Copy every record verbatim but exclude the pictures.

(PROVIDED DATA Opens)

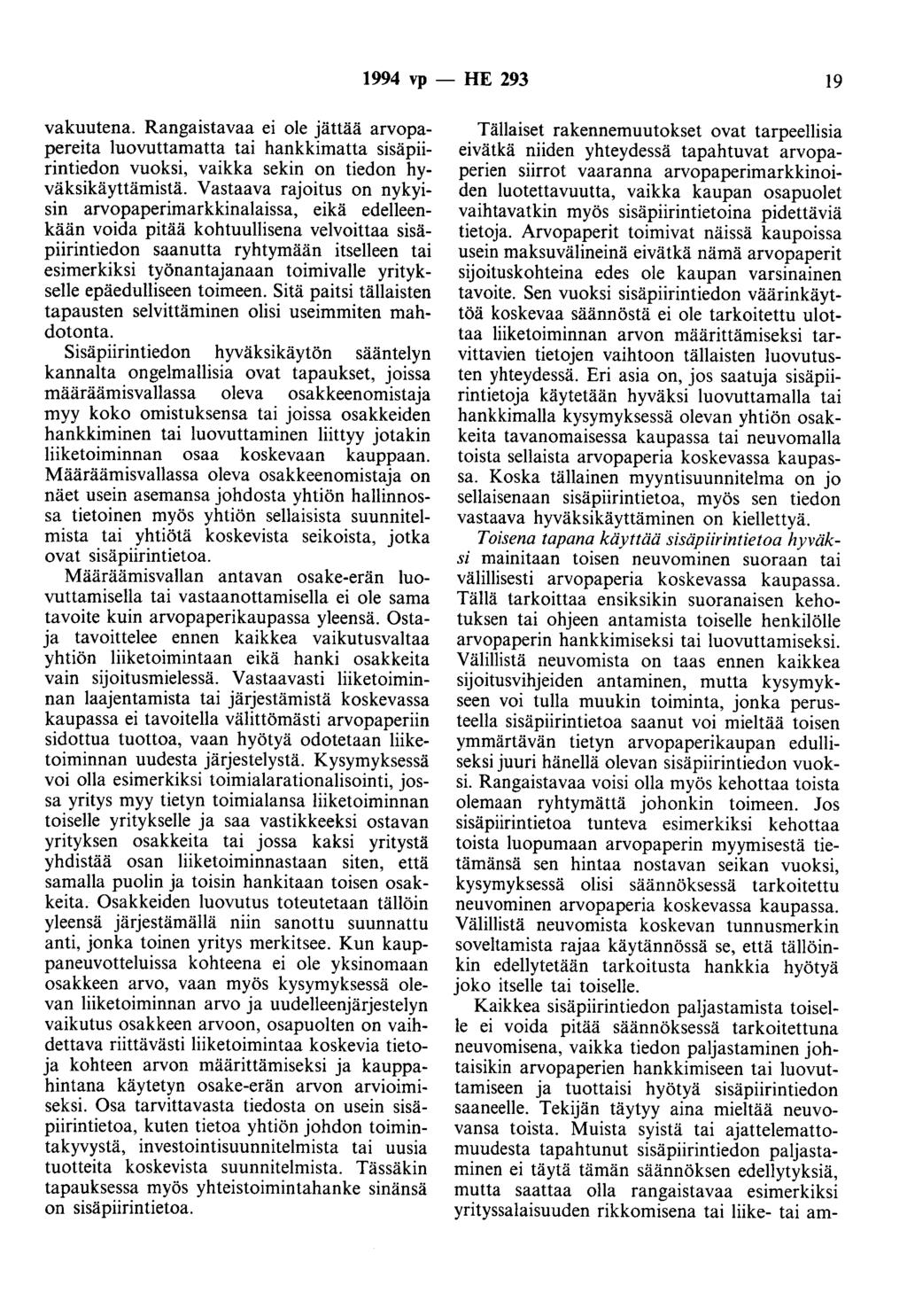 1994 vp - HE 293 19 vakuutena. Rangaistavaa ei ole jättää arvopapereita luovuttamatta tai hankkimatta sisäpiirintiedon vuoksi, vaikka sekin on tiedon hyväksikäyttämistä.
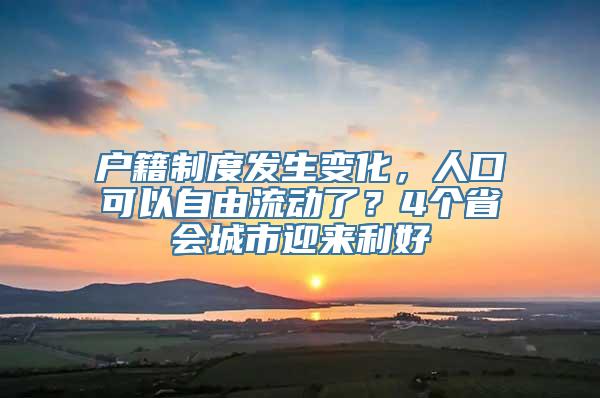 户籍制度发生变化，人口可以自由流动了？4个省会城市迎来利好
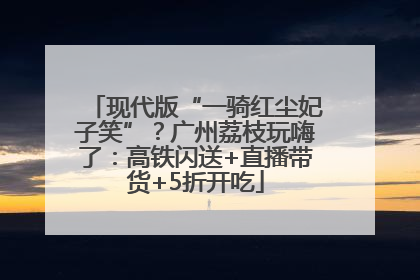 现代版“一骑红尘妃子笑”？广州荔枝玩嗨了：高铁闪送+直播带货+5折开吃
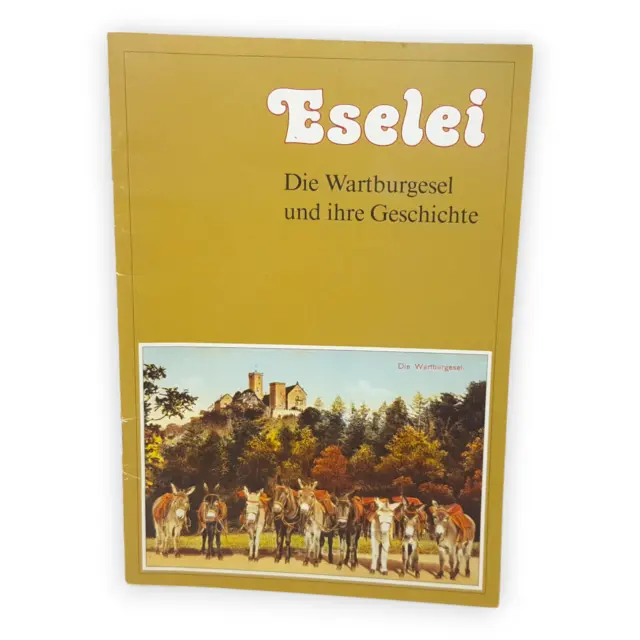 Eselei Die Wartburgesel und ihre Geschichte Petra Schall Kleine Schriftenreihe 2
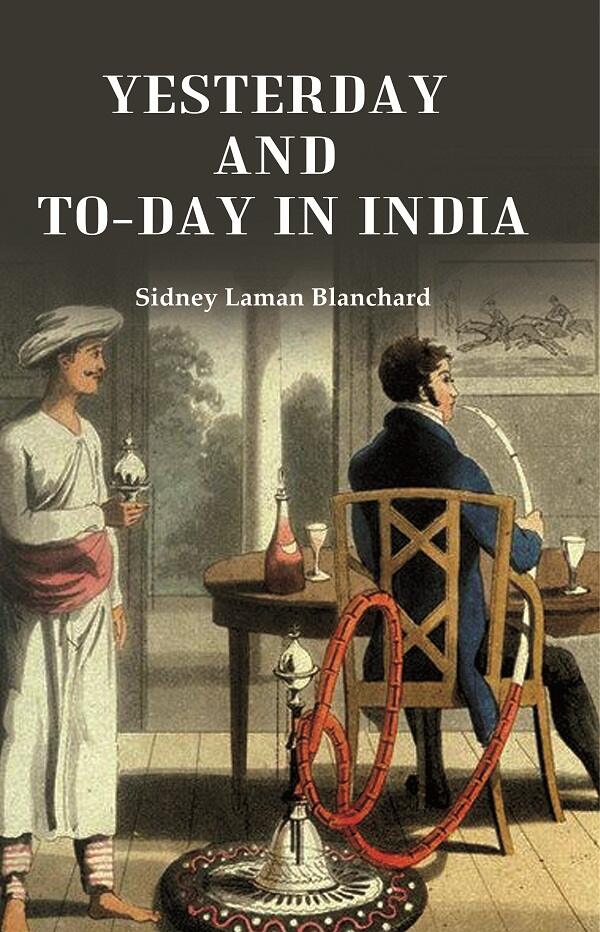 Yesterday and To-day in India - Gyan Books | Grocsy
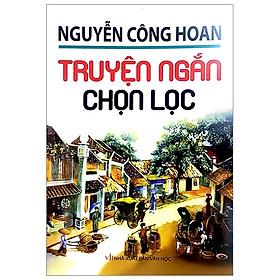 Hình ảnh Nguyễn Công Hoan - Truyện Ngắn Chọn Lọc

(PROVIDED DATA Closes)

— RESPONSE TO THIS TASK —
 1994 vp - HE 293 19 vakuutena. Rangaistavaa ei ole jättää arvopapereita luovuttamatta tai hankkimatta sisäpiirintiedon vuoksi, vaikka sekin on tiedon hyväksikäyttämistä.
 户籍制度发生变化，人口可以自由流动了？4个省会城市迎来利好
 现代版“一骑红尘妃子笑”？广州荔枝玩嗨了：高铁闪送+直播带货+5折开吃
 Eselei Die Wartburgesel und ihre Geschichte Petra Schall Kleine Schriftenreihe 2
 Yesterday and To-day in India - Gyan Books | Grocsy
 Hình ảnh Nguyễn Công Hoan - Truyện Ngắn Chọn Lọc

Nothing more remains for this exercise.